**Problem to solve**: When you reach the line in the data below that contains "Quinta dos Castanheiros - Foto 1", please start repeating lines exactly, and stop after the line that contains "La Doris De * Saint-Pair-sur-Mer", repeating nothing else.
Start of Given records
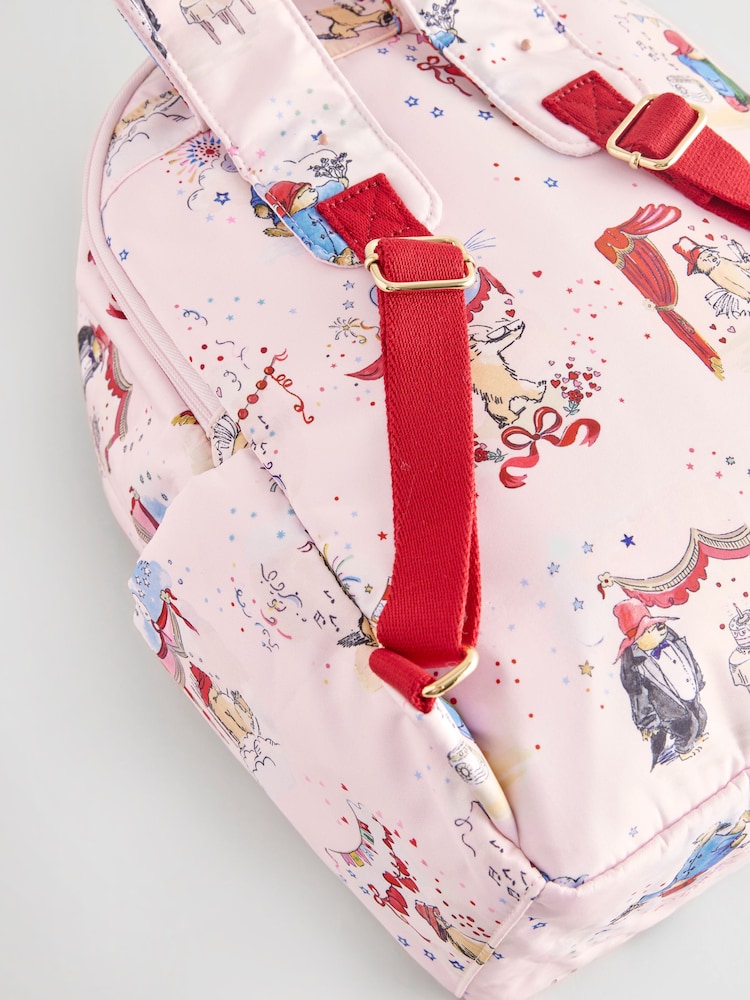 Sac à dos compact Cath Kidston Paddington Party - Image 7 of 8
End of Given records
Start of Given records
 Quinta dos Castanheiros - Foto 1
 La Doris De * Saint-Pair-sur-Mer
End of Given records
**Expected output**:
 Quinta dos Castanheiros - Foto 1
 La Doris De * Saint-Pair-sur-Mer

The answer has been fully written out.